Cette organisation ne doit pas faire perdre de vue la raison de l'institution des confréries, l'esprit de prière, désintéressé (Louanges de la Vierge Marie, culte d’hyperdulie) ou parfois moins désintéressé (Les indulgences), appuyée sur la tradition des promesses de la Vierge à Alain de la Roche. À Toulouse les dominicains, une fois la chapelle du Rosaire construite s'y emploient activement : des livres de piété sont imprimés, des dévotions propagées.
On distinguait à Toulouse au XVIIe siècle puis ailleurs plusieurs confréries du Rosaire : la confrérie du Rosaire ordinaire dont les confrères s'obligeaient à réciter chaque semaine le rosaire tout entier, et la Confrérie du Rosaire perpétuel où les confrères s'engageaient à, réciter, chacun tour à tour, le rosaire sans interruption, en sorte qu'à toute heure du jour et de la nuit il y ait quelque confrère qui honore la Sainte Vierge, en récitant cette prière au nom de toute la confrérie : l'ensemble formait le Triple Rosaire, formé du Grand Rosaire, du Quotidien et du Perpétuel[15],[16]. Le Rosaire était dit le samedi[17] dans la chapelle du Rosaire, publiquement, à deux chœurs alternés.

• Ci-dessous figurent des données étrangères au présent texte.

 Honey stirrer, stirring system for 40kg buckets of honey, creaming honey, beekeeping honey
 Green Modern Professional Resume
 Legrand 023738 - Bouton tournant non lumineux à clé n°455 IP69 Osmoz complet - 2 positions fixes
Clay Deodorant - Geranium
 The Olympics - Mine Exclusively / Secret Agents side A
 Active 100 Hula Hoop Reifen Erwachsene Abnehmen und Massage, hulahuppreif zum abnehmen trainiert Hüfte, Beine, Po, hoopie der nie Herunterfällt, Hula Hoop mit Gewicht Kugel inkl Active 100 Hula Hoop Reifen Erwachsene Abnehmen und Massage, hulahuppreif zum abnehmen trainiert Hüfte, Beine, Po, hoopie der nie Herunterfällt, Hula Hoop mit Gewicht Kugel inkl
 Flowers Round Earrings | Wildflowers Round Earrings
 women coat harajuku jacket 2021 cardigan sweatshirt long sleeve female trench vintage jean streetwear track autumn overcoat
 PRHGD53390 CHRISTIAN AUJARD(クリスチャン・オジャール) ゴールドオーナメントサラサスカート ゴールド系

Au XVIIIe siècle, au Brésil, les confréries du Rosaire ou confréries de Notre-Dame du Rosaire (Irmandade de Nossa Senhora do Rosário) se répandent chez les esclaves noirs [18],[19], car elles sont ouvertes à tous et aux personnes de toute condition et de toute couleur : elles comprenaient des membres noirs libres et des membres noirs esclaves — qui pouvaient cependant exercer des responsabilités au sein de la confrérie, durant un an — des officiers blancs et des officiers noirs, par exemple dans la Confrérie du Rosaire des Noirs de Bacalhau, un hameau aux environs de la ville de Mariana, dans l'État du Minas Gerais[20]. Au Minas Gerais il existe, à la fin des années 1720, des confréries du Rosaire dans toutes les villes importantes et dans certains bourgs en plein développement : São João del-Rei (1708), Sabará (1713), Mariana (avant 1715), Ouro Preto (1715, ultérieurement Vila Rica), Vila do Principe (1716) et Antônio Dias (1718, ultérieurement Vila Rica)[21],[22].

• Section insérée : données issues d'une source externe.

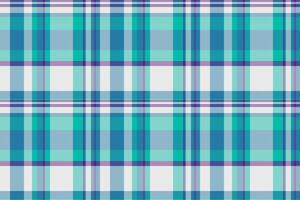 Kitchen texture background check, scratch textile pattern tartan. Tailor plaid seamless fabric in white and cyan colors. vector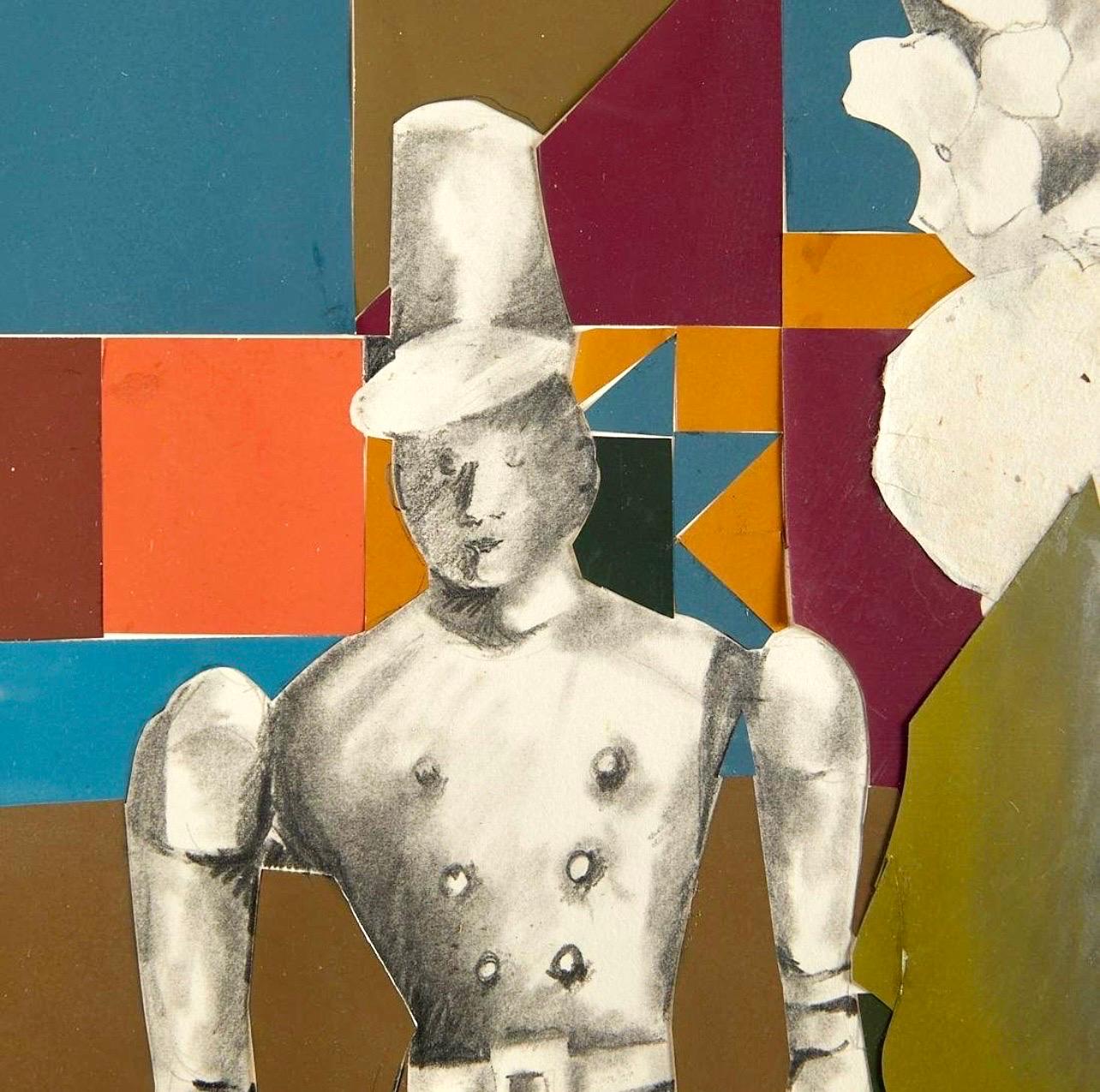 Mary Ingebrand-Pohlad (Amerikanerin, geb. 1953). 
Graphit-, Pastell- und Papiercollagemalerei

En France, la Révolution cherche à étouffer toute trace de christianisme et de piété catholique notamment à Saumur où les chapelets sont brûlés en place publique et interdits par un arrêté[23]. Tandis qu'en Bretagne puis en Vendée, le chapelet et le Rosaire deviennent comme la cocarde blanche le signe de reconnaissance contre-révolutionnaire des royalistes, chouans et vendéens, qui le portent à la boutonnière ou autour du cou comme Jacques Cathelineau, ce qui permettait de reconnaître les camps des soldats de loin. Les confréries du Rosaire subsistent clandestinement, par exemple en Provence à Marseille où dom Joseph de Martinet, unique survivant du massacre des pères chartreux, prêche clandestinement le Rosaire : le 7 octobre 1794, pendant la fête du Rosaire se déroule par exemple la réception d'un membre de l'assistance dans la confrérie du Rosaire[24].

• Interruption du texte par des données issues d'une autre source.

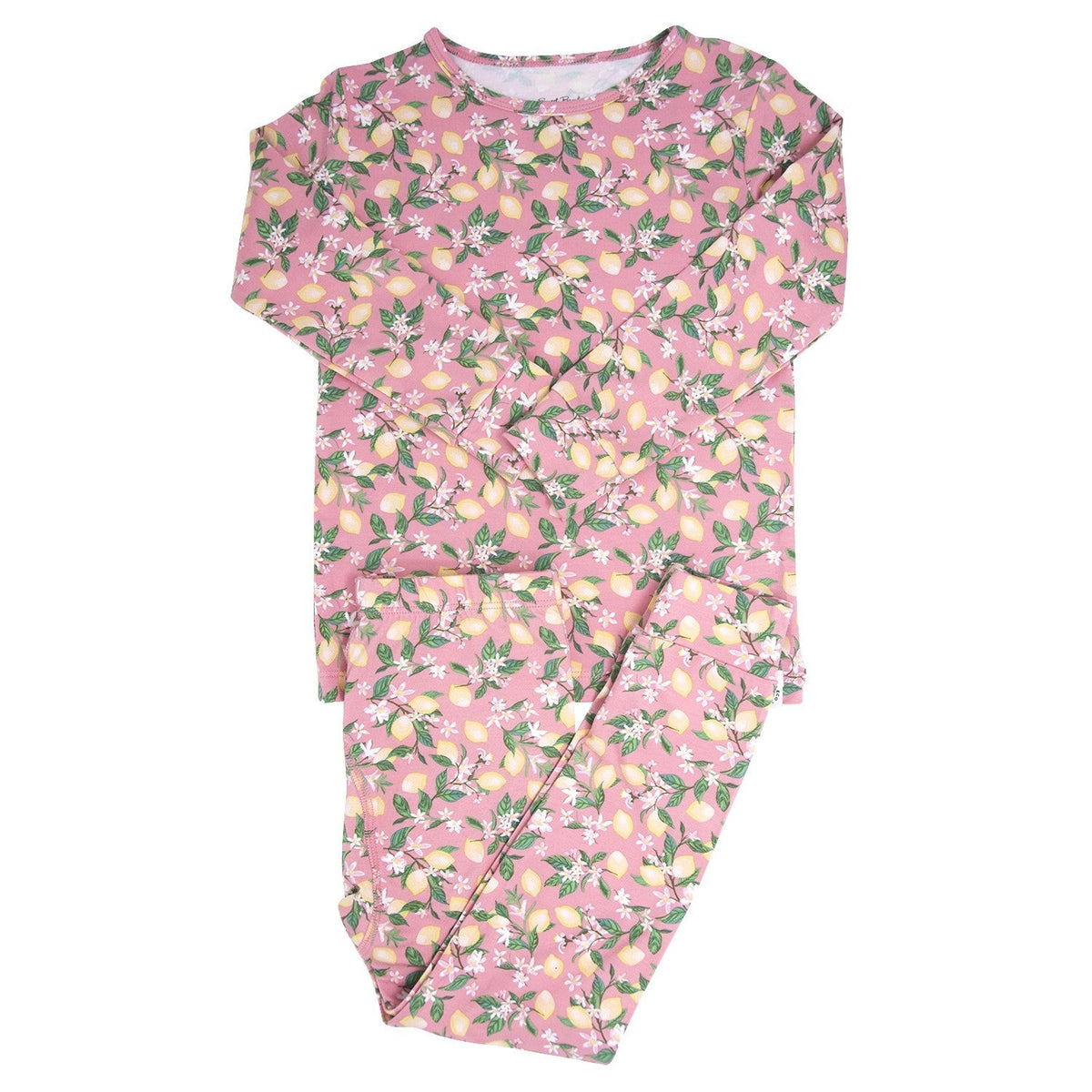 Pink Lemon Floral Print Pajama Set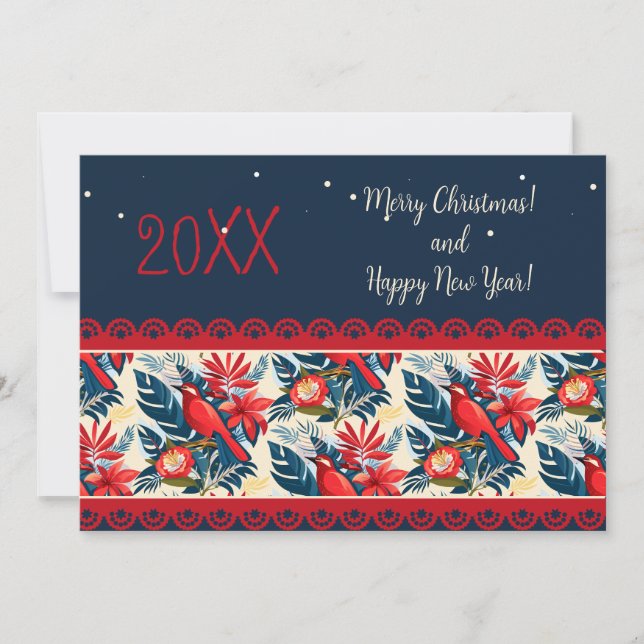 ¡Feliz Navidad y próspero Año Nuevo! 20XX Blue Bir (Anverso)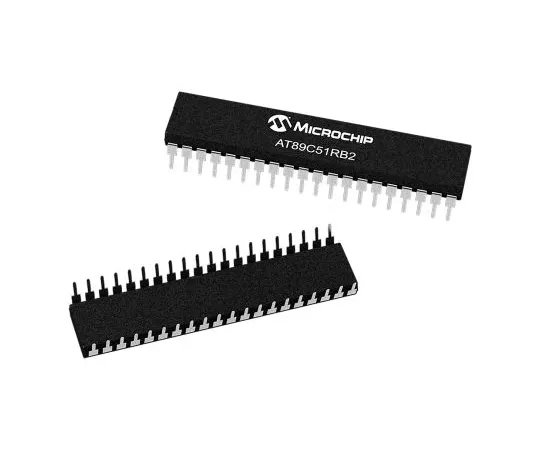63-7014-02 Microchip AT89C51RB2-3CSUM, 8bit 8051 Microcontroller, 40 MHz, 60 MHz, 16 kB Flash, 40-Pin PDIL AT89C51RB2-3CSUM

Les confréries historiques
Saint-Amand-sur-Sèvre (79) dans le Bocage vendéen : Confrérie du Rosaire propriétaire d'un retable de la Vierge, classé MH, XVIIe ou XVIIIe siècles, dans le transept septentrional de l'église. Attestée en 1654, visite pastorale du doyen L. Guérin délégué de l'évêque du nouveau diocèse de La Rochelle : "Le Rosaire qui y est étably produit tous les jours des effetz qu'on doit attendre d'une si saincte Institution" (AD17, L. Pérouas, Le Diosèse de La Rochelle..., p.165-168.